Which lines of the records below contain the word "Toyota"? Report each of them in full.

Dataset excerpts:
——————————

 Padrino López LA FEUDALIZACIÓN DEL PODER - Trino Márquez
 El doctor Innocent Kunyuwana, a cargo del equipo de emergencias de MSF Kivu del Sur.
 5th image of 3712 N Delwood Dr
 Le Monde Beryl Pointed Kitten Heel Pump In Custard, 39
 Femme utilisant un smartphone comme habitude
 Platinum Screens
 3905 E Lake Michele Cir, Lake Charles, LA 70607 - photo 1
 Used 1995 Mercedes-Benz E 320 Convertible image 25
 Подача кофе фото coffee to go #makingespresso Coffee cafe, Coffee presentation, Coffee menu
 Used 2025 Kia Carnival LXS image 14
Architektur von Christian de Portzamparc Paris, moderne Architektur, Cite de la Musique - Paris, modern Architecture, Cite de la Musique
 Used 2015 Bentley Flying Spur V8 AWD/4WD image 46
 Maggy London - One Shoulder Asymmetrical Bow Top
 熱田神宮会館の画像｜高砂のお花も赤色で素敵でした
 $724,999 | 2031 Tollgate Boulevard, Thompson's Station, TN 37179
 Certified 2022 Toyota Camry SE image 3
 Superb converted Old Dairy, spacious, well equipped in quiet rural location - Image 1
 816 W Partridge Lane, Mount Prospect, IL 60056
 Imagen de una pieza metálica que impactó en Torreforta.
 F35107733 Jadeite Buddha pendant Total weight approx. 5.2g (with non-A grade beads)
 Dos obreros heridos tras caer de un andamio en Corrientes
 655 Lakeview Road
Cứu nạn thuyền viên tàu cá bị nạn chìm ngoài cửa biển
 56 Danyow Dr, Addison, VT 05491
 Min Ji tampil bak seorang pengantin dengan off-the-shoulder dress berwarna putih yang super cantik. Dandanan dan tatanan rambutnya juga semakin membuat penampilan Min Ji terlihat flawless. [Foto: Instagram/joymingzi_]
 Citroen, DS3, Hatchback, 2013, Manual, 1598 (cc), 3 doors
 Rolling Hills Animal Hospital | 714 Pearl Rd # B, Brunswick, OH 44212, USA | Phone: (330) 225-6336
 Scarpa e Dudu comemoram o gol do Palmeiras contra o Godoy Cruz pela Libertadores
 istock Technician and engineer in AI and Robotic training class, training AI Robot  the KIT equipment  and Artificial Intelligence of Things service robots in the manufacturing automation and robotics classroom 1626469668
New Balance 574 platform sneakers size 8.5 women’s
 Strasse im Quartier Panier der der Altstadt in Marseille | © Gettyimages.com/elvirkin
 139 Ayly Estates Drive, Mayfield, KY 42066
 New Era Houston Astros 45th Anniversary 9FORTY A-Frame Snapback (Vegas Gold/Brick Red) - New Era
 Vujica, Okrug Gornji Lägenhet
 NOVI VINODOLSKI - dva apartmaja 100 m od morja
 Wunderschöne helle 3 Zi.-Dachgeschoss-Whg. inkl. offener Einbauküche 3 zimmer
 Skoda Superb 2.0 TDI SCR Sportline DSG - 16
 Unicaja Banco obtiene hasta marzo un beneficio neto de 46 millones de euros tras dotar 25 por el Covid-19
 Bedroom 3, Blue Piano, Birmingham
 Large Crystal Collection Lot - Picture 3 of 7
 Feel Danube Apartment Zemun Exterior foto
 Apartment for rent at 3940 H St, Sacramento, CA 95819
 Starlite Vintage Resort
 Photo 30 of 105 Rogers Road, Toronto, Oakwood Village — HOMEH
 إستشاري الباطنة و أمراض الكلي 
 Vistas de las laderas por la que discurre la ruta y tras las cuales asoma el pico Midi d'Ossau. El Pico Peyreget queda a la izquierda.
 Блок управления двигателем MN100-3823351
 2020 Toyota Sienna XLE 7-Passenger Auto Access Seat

——————————

— Exercise response —
 Certified 2022 Toyota Camry SE image 3
 2020 Toyota Sienna XLE 7-Passenger Auto Access Seat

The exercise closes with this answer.